Aí chegamos nessa molecada que cresceu nos anos 2000-2010 e não cresceu assistindo TV e lendo quadrinhos e mangá. O atual público 15-25 assiste YouTuber. A graça de um evento antes era você chegar perto o máximo possível daquilo que você gostava: se antes o mais próximo que a gente podia chegar do Saga de Gêmeos era tirar uma foto com o dublador e gravar um áudio pedindo pra ele dizer “Morra, Seiya, seu viadinho”, isso bastava pra lotar um evento de anime. Se o público atual de 15-20 quer isso, e tem o dinheiro de painho e mainha pra dar na entrada que eu cobrar pra ver O YOUTUBER DA INTERNET QUE VEIO PRA NOSSA CIDADE SÓ HOJE, qual a coisa mais inteligente que um organizador, um administrador de empresa visando sucesso (e porque não, lucro) do meu evento, vai fazer?

A “decadência” dos eventos de anime se deve ao fato de que não existe um público duradouro que consome anime pra justificar a existência de um evento de anime.
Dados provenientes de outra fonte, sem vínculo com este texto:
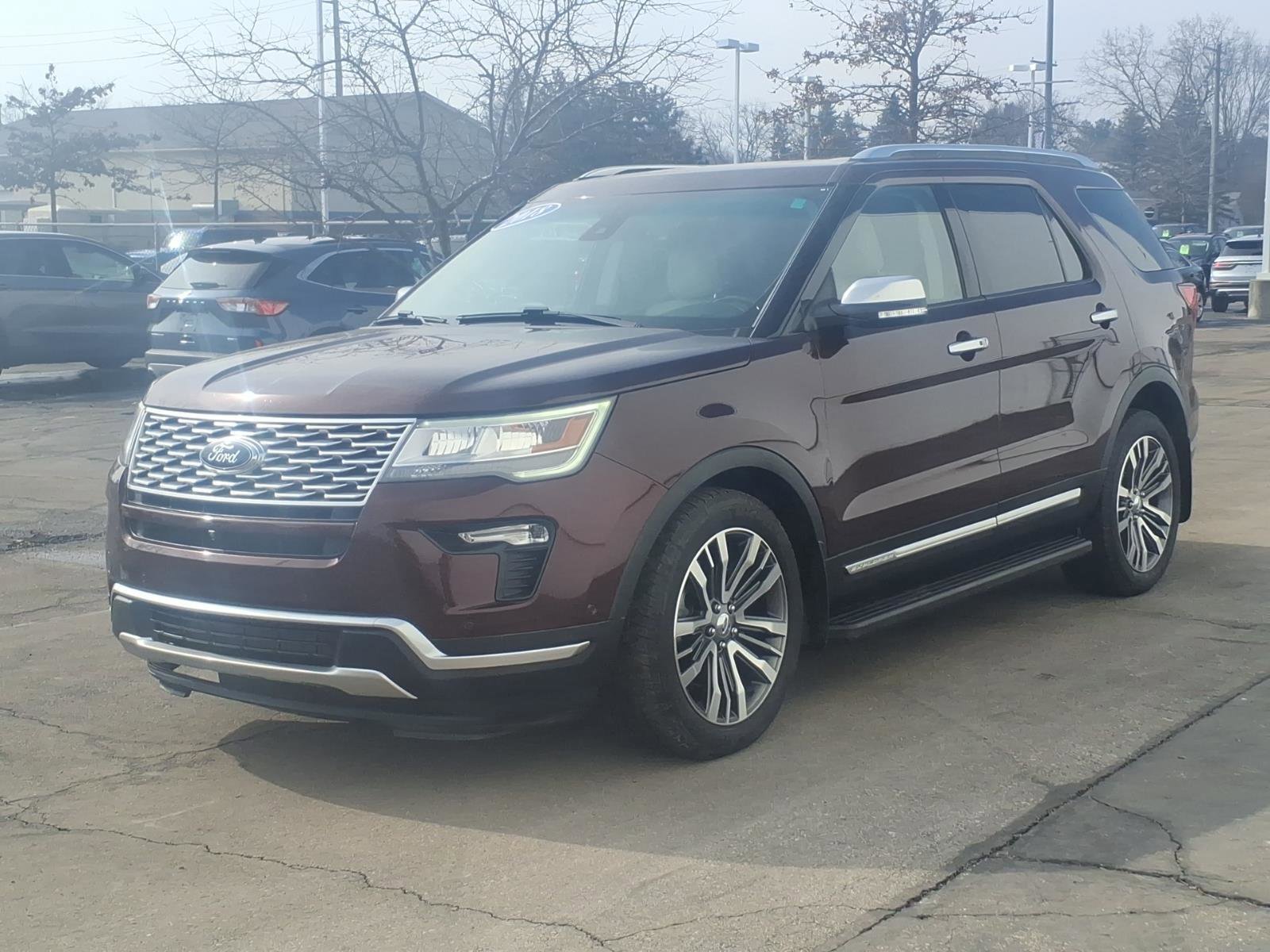 Used 2018 Ford Explorer Platinum image 3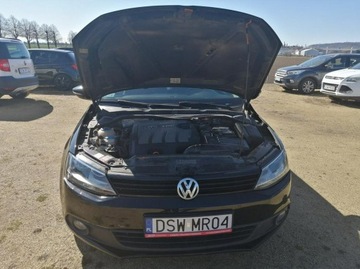 Volkswagen Jetta VI Sedan 1.6 TDI CR DPF 105KM 2011 Volkswagen Jetta 1.6 105 km klima, elektryka, zdjęcie 16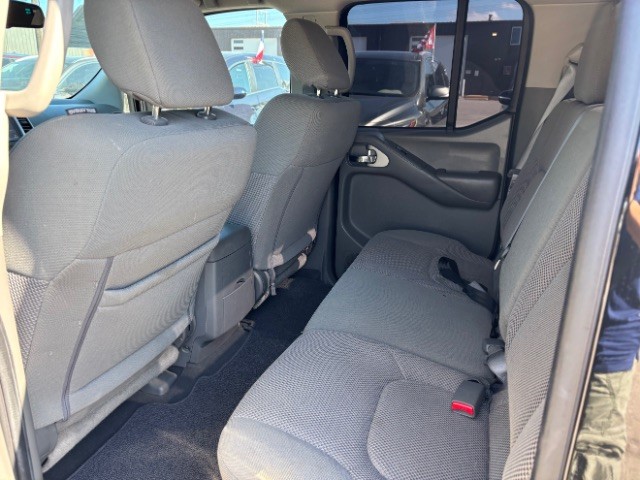 Nissan Frontier Vehicle Full-screen Gallery Image 06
É como pizza. Pizza “original” é queijo e tomate. Fim. Houve quem considerasse adicionar presunto uma heresia. Veio calabresa, milho, portuguesa, cheddar, cachorro quente, amendoim, doce de leite, sorvete. Pizza de sorvete. “Que decadência”. Mas se existe pizza de sorvete é porque vende. Quem vai em pizzarias pode ir e comer só o padrão queijo com tomate, mas torcer o nariz quando vê alguém comendo uma pizza de sorvete de amendoim  é se aborrecer com a diversão alheia. E é esse tipo de atitude é uma parte do que acaba com um fandom.
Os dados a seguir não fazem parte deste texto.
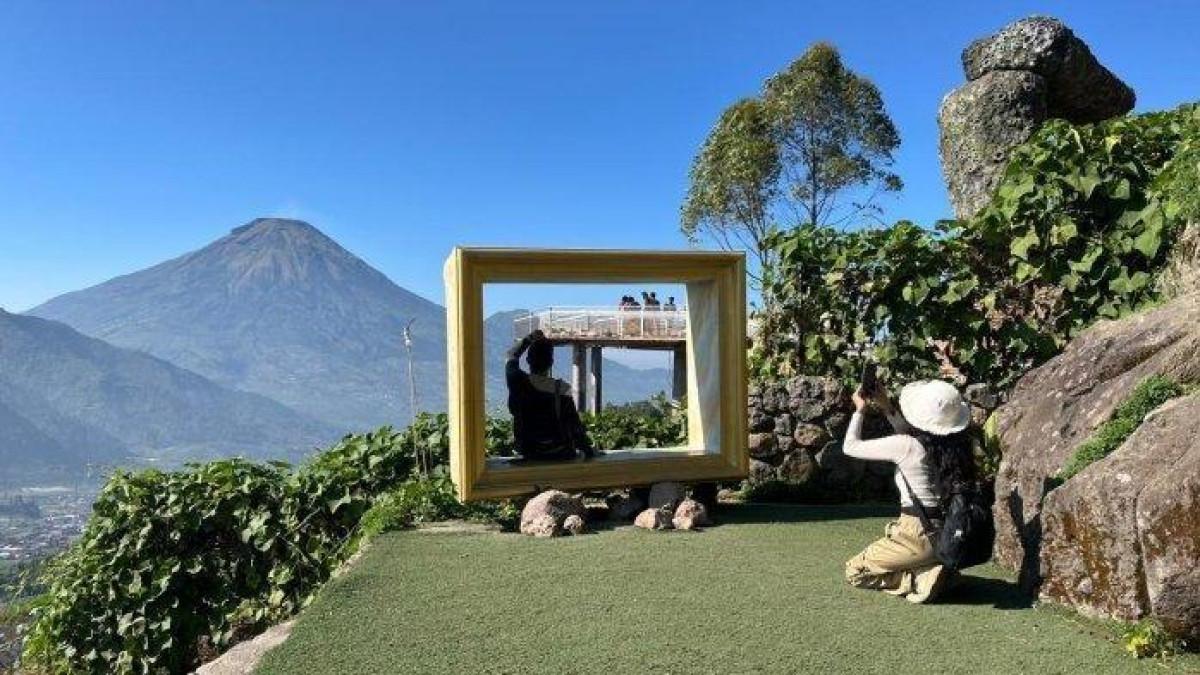 SPOT FOTO - Pintu Langit di Jalan Dieng, Desa Tieng, Kecamatan Kejajar, Kabupaten Wonosobo, Jawa Tengah.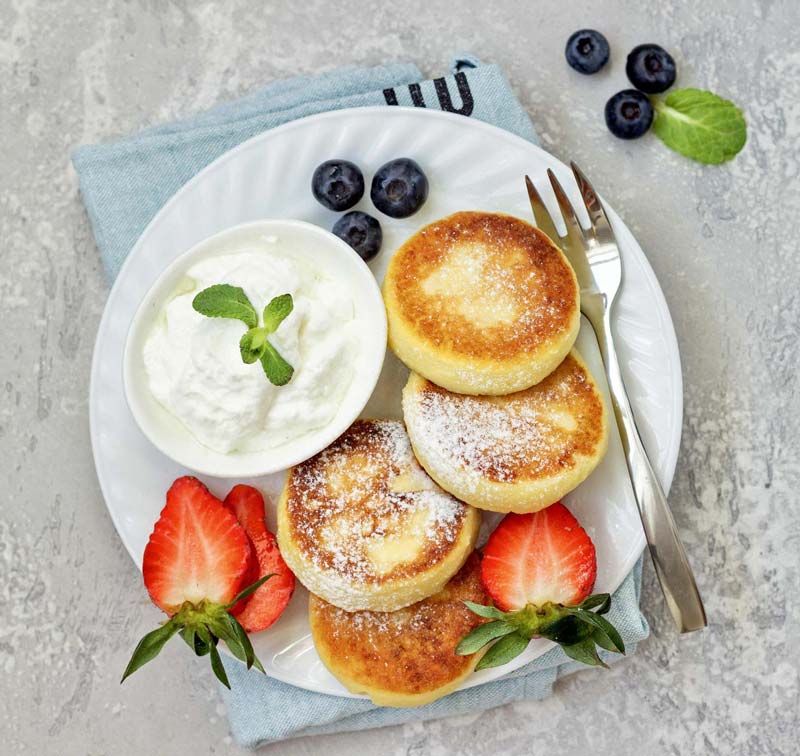 Syrnyky sucrés à la vanille avec crème fraîche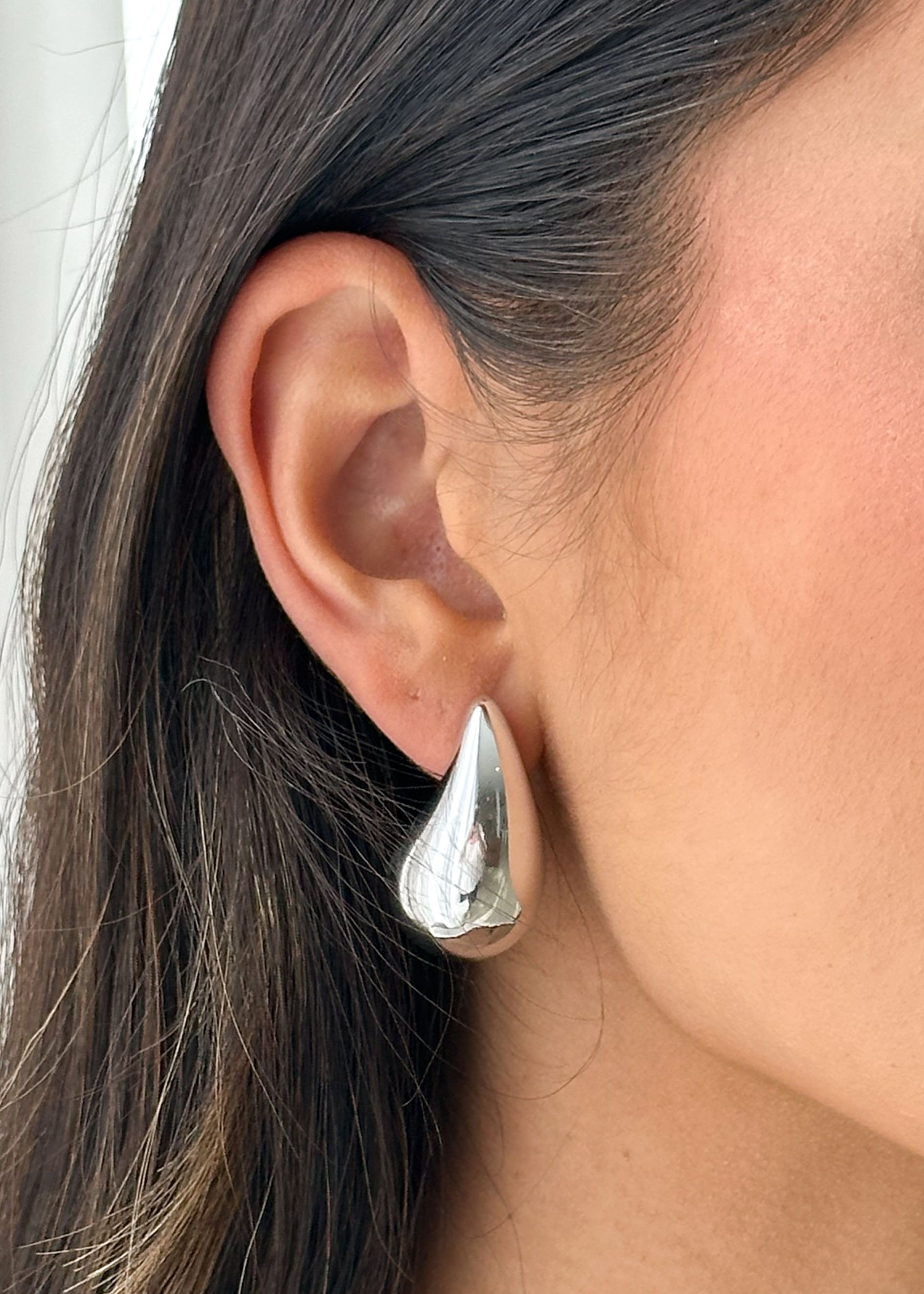 Kaika Drop Earrings - Silver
E mais: Os eventos com apelo pra geração 20-35 também se alinharam com o novo público… e se tem uma coisa que o público 20-35 tem é renda. É a idade do trabalhador jovem que tem grana pra gastar, que quer aproveitar a “juventude e liberdade”, que quer dar 2.500 numa estatueta do Aiolia de Leão porque “o dinheiro é meu e eu faço o que eu quiser”. Os eventos de cultura pop estão cheios de coisas caríssimas pra gente comprar, e eles vendem porque sabem que a gente compra. As editoras de quadrinhos competem com a eterna facilidade de ler scans na Internet oferecendo edições especiais, capa dura, especial de luxo ultimate edition. Tem gente que compra HQ, deixa embalada na estante e lê o scan na Internet pra não amassar o “de ter na estante”. Shelf porn. Editoras e lojas especializadas estão organizadas dessa forma. Mas ainda assim, isso não fica no bolso de quem organiza o evento.

HOJE

YouTubers são atrações de eventos atualmente. Até eu acompanho alguns: Cinemasins, Screen Junkies, Nostalgia Critic. Você provavelmente acompanha alguns também. São populares, atraem público, vendem ingressos.

Os eventos ainda são economicamente interessantes de se fazer. Sabemos que são porque, com exceção do crédulo ingênuo staff voluntário menor de idade que trabalha de graça pelo puro prazer de “vestir a camisa do evento”, ninguém passa pelas dores de cabeça, estresse, rodeios e dificuldades necessárias pra organizar e realizar um evento de anime apenas porque “puxa vida, que legal”. Mesmo quando há pouco retorno, mesmo que seja arriscado, ainda vale a pena ser feito. A paixão pelos temas da cultura pop é o combustível que faz a maioria dos organizadores a enfrentar a tarefa hercúlea de tirar um evento do papel. E pra isso precisa de estrutura, investimento, dinheiro.

CONCLUSÃO

Não ficamos “velhos demais” pra eventos de anime. Ficamos, sim, calejados para eventos que insistem no que pode até ter dado certo 10 anos atrás, ou aborrecidos com eventos que entregam todo o espaço deles para atrações e um público totalmente novo.

Mas ainda queremos novidades. Maravilhas. Queremos RPG. Queremos ver cosplays desfilando e se apresentando. Queremos K-pop. Queremos ver atrações empolgantes em igual medida pra todos os fandoms. Queremos comprar quadrinhos e produtos dos nossos personagens e histórias favoritas. Queremos encher a estante com a cultura pop que adoramos, seja do hemisfério que for. Queremos celebrar o que gostamos, compartilhar criações.

Queremos diversão, novidade, entretenimento.

PS: Ainda não assisti Capitão América: Guerra Civil, mas quando assistir, faço uma comparação com Batman v Superman.